### What is being asked
Omit every picture while you reproduce the entries that follow word for word.

(Web page caption snippets)
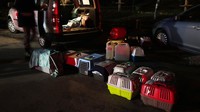Dokter dan relawan merawat puluhan anjing dan kucing yang tiba dari Ukraina ke Przemysl, Polandia, Selasa (8/3/2022) waktu setempat. 
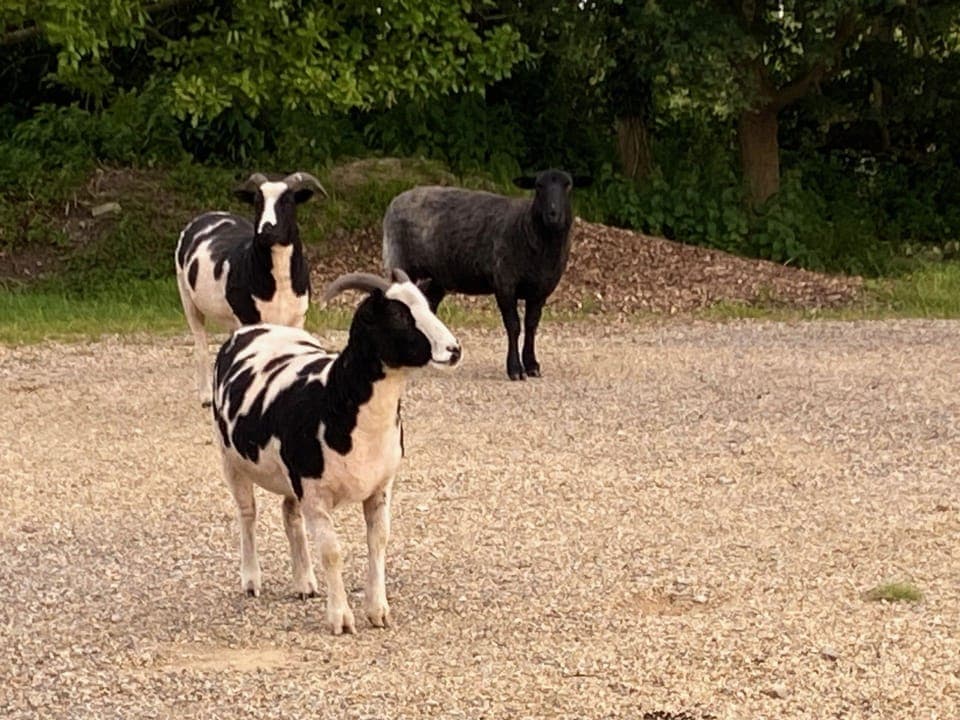 Our furry, farm family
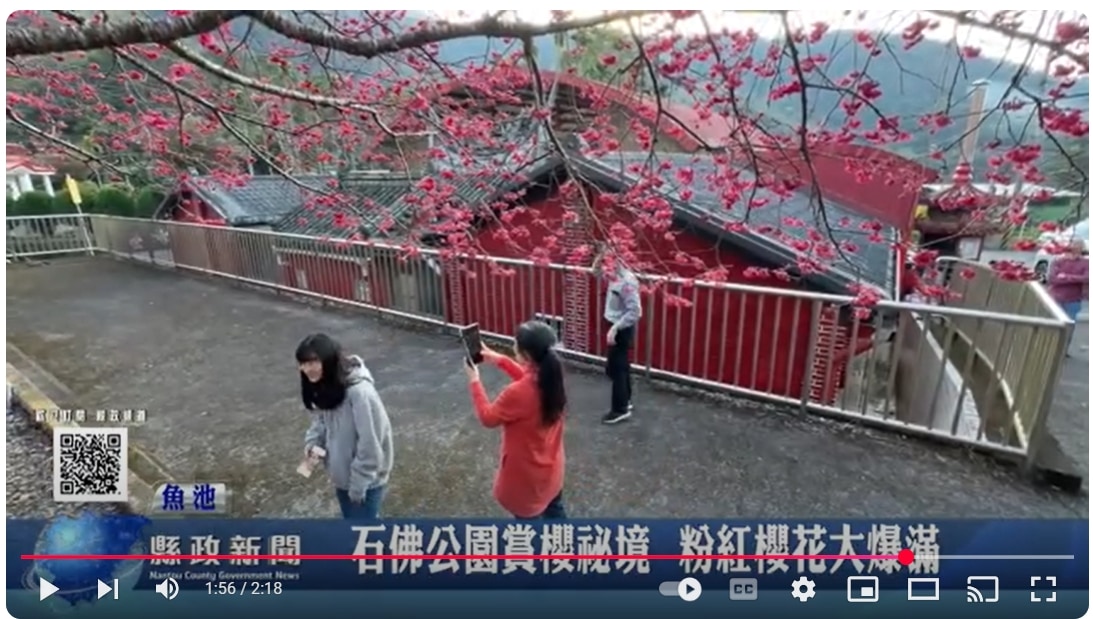 石佛公園賞櫻祕境 粉紅櫻花大爆滿｜南投縣政新聞 2025.02.27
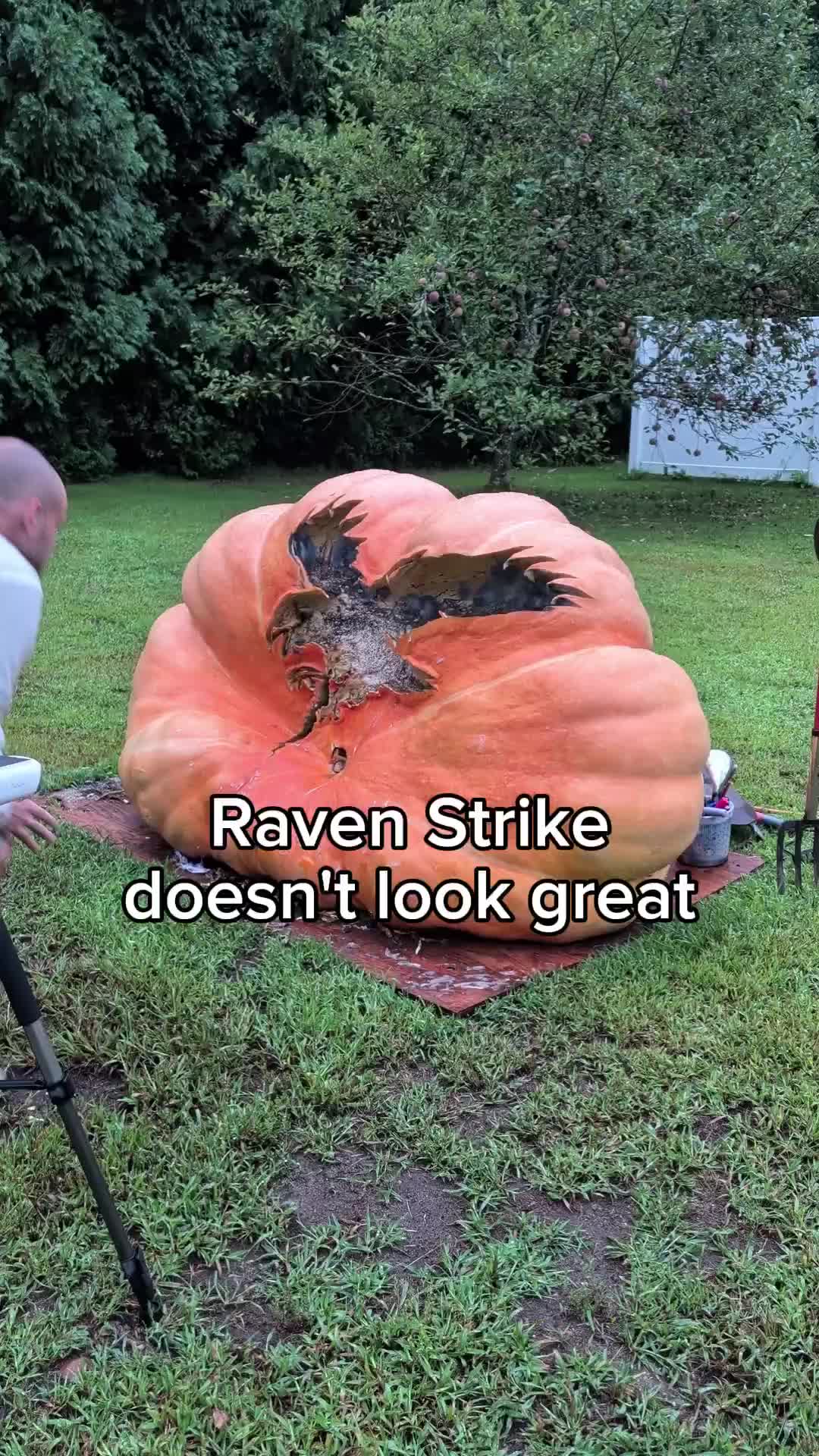 @bigpumpki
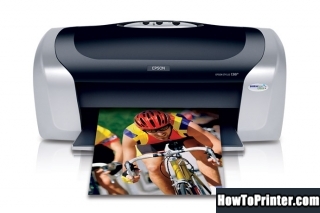 Reset Epson C88 printer by Resetter program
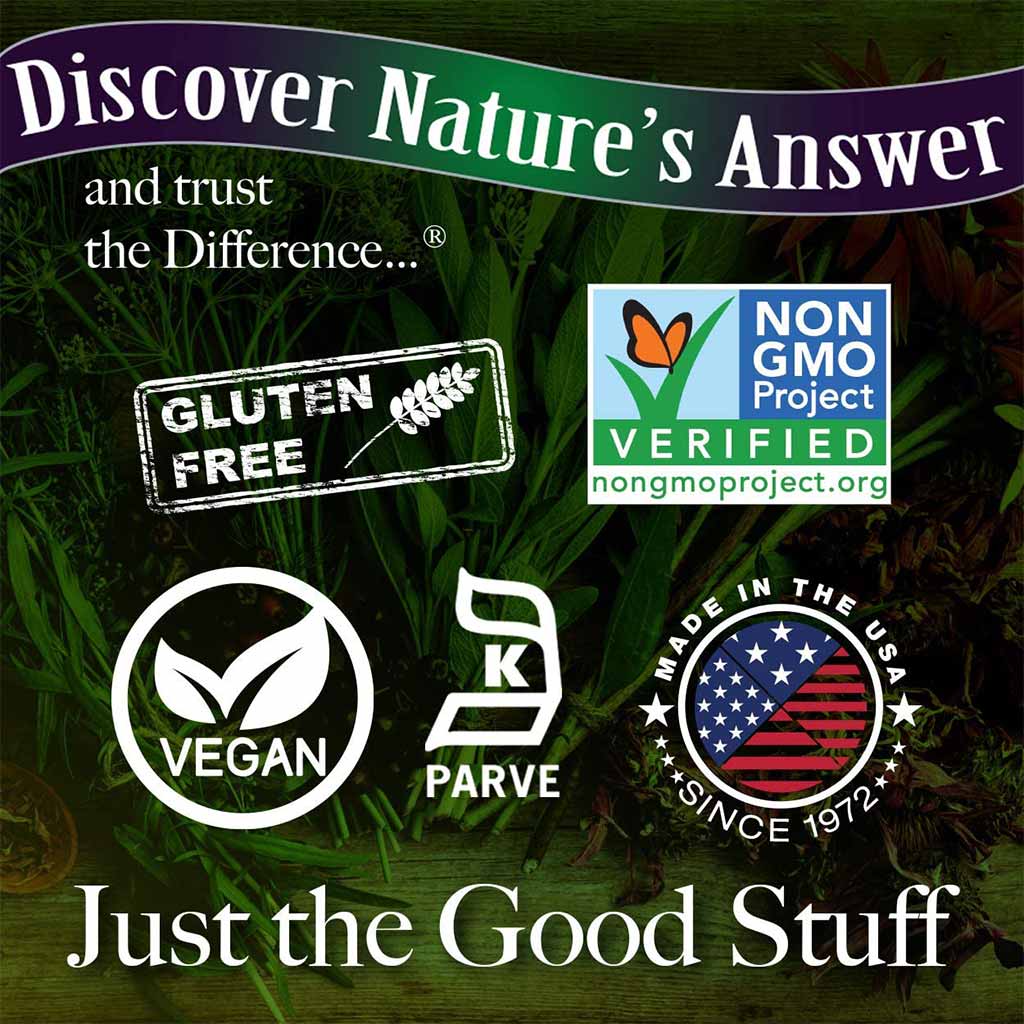 Nature's Answer Cognimax Vegetarian Capsules For Memory & Concentration, Pack of 60's - Easy Pharmacy LLC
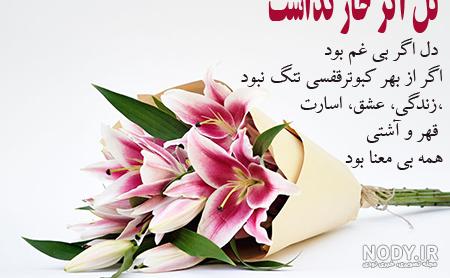 عکس گل رز برای پروفایل تلگرام و اینستاگرام • مجله تصویر زندگی عکس گل رز برای پروفایل تلگرام و اینستاگرام • مجله تصویر زندگی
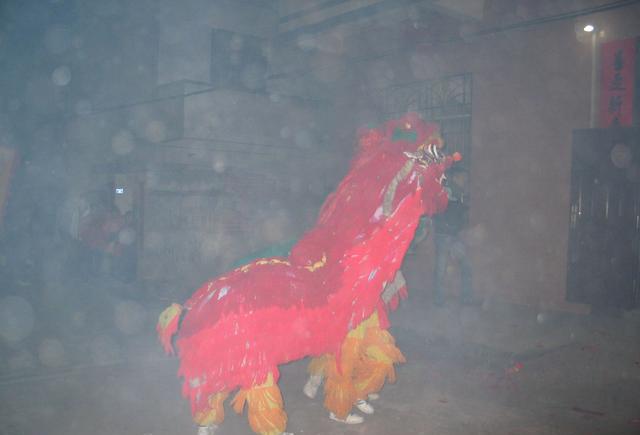 舞狮耍杂技是过年那味儿,可是南狮和北狮你知道吗?发财中国年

### Response
Dokter dan relawan merawat puluhan anjing dan kucing yang tiba dari Ukraina ke Przemysl, Polandia, Selasa (8/3/2022) waktu setempat. 
 Our furry, farm family
 石佛公園賞櫻祕境 粉紅櫻花大爆滿｜南投縣政新聞 2025.02.27
 @bigpumpki
 Reset Epson C88 printer by Resetter program
 Nature's Answer Cognimax Vegetarian Capsules For Memory & Concentration, Pack of 60's - Easy Pharmacy LLC
 عکس گل رز برای پروفایل تلگرام و اینستاگرام • مجله تصویر زندگی عکس گل رز برای پروفایل تلگرام و اینستاگرام • مجله تصویر زندگی
 舞狮耍杂技是过年那味儿,可是南狮和北狮你知道吗?发财中国年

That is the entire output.